◆ Saved entries ◆
*****

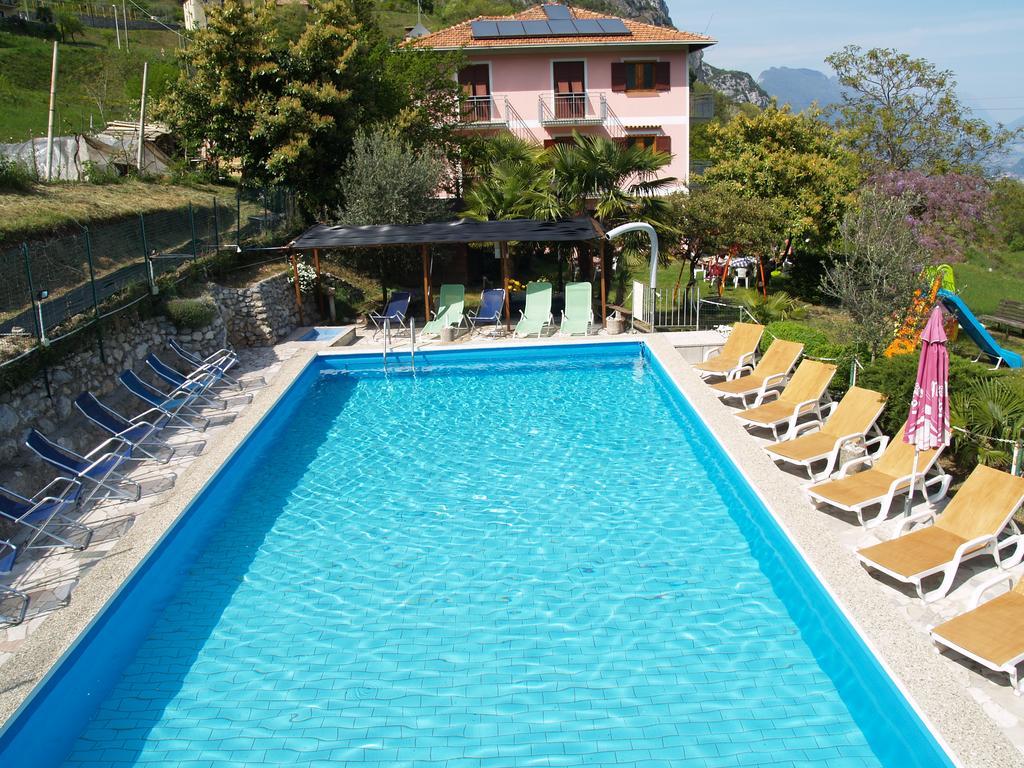 Hotel Rosalpina Riva del Garda Extérieur photo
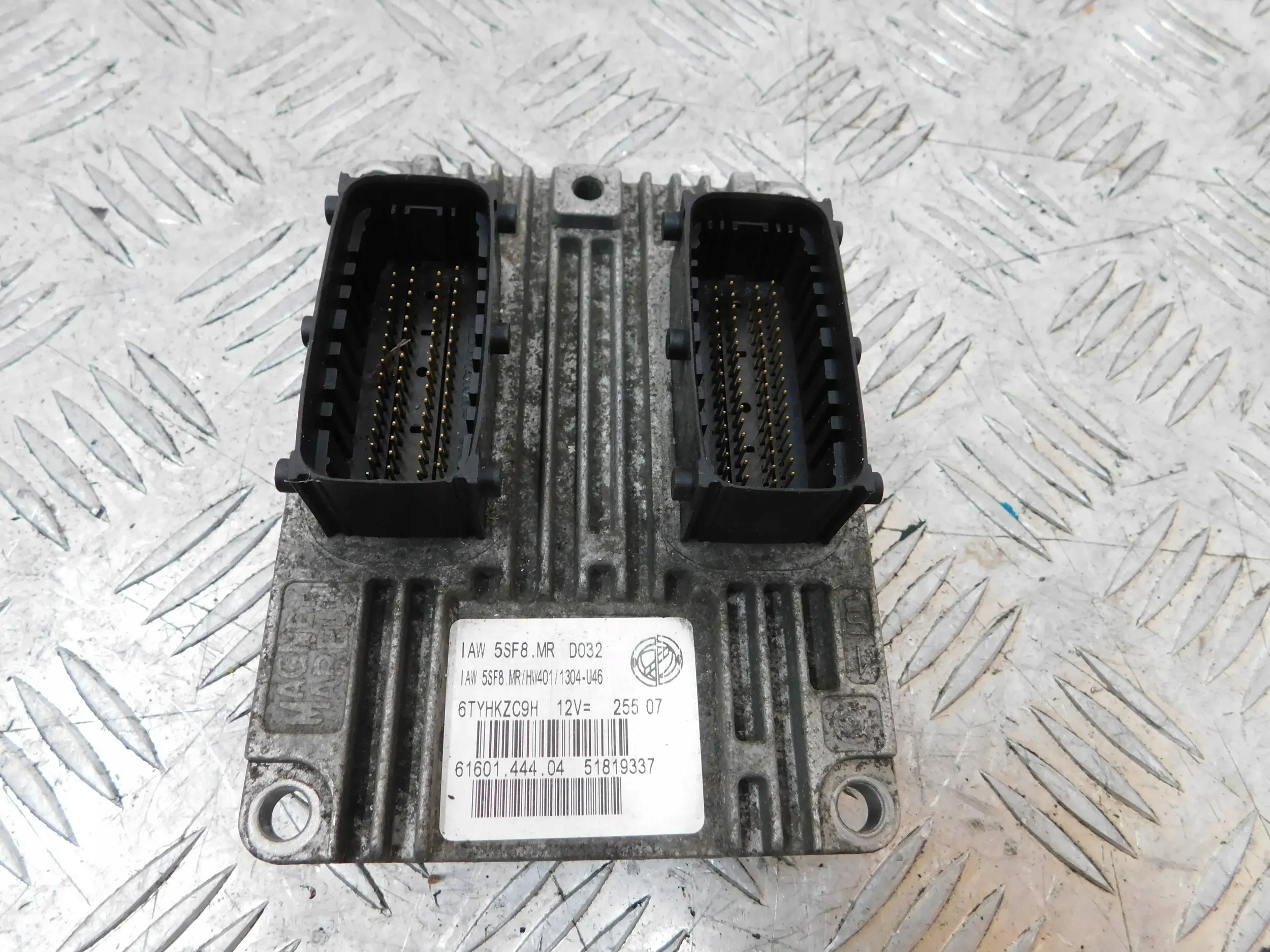 RIADIACA JEDNOTKA MOTORA FIAT 500 1.2 51819337
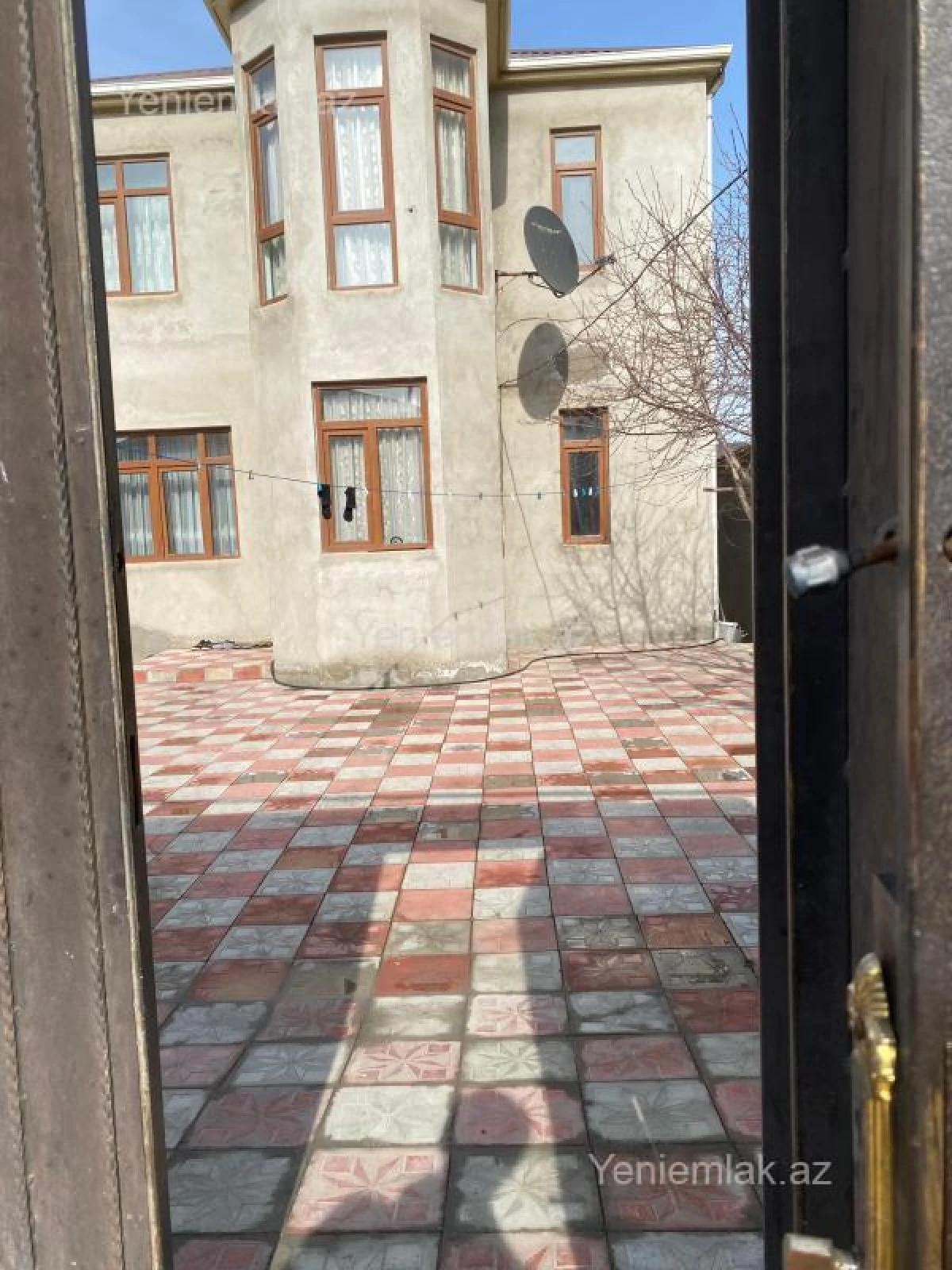 Satılır 5 otaqlı həyət evi 200 m²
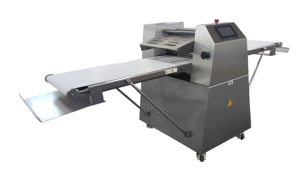 Laminoir <span class=keywords><strong>professionnel</strong></span> pour boulangerie, processus de laminage automatisé, laminoir <span class=keywords><strong>à</strong></span> <span class=keywords><strong>pâte</strong></span> robuste, contrôle de la vitesse et réglage de la pression - Product Image 4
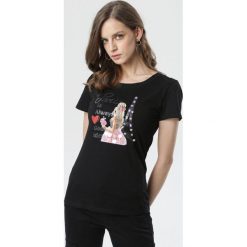 Czarny T-shirt Helia. Czarne bluzki damskie Born2be, s, z nadrukiem, klasyczne, z klasycznym kołnierzykiem. Za 49,99 zł.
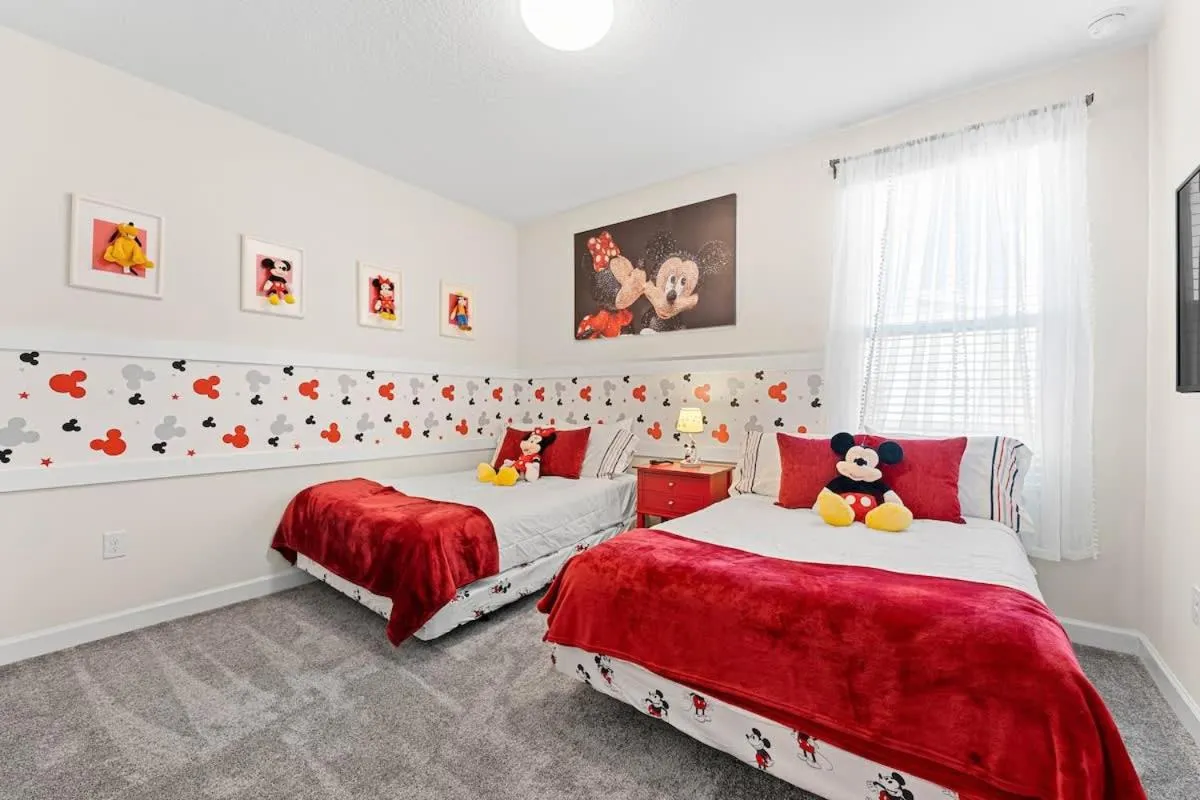 Bed in Sophisticated 6BR at Storey Lake SL2766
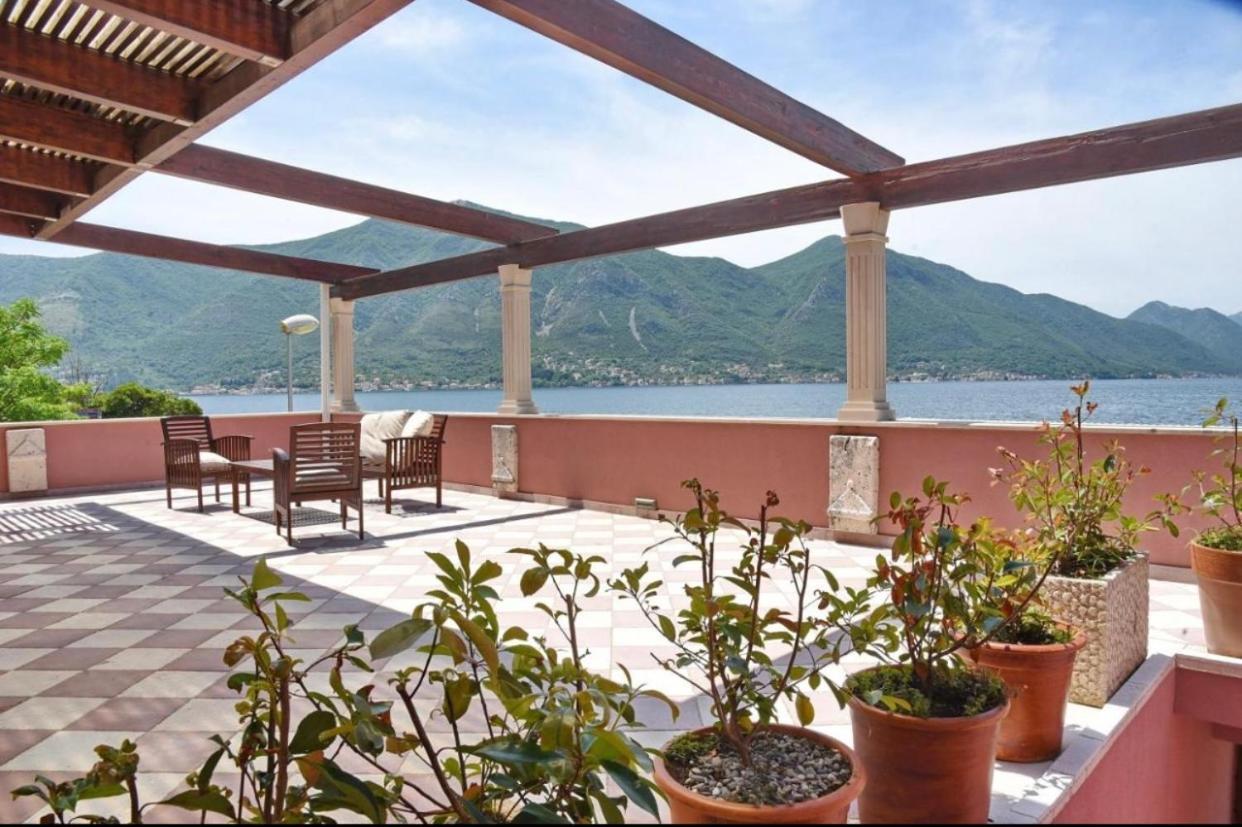 Apartments Barba Kotor Exteriör bild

*****

◆ Goal of the exercise ◆
From the line containing "Bed in Sophisticated" down to the last line of the data above, transcribe exactly those lines and no others; omit the pictures.

◆ Written answer ◆
 Bed in Sophisticated 6BR at Storey Lake SL2766
 Apartments Barba Kotor Exteriör bild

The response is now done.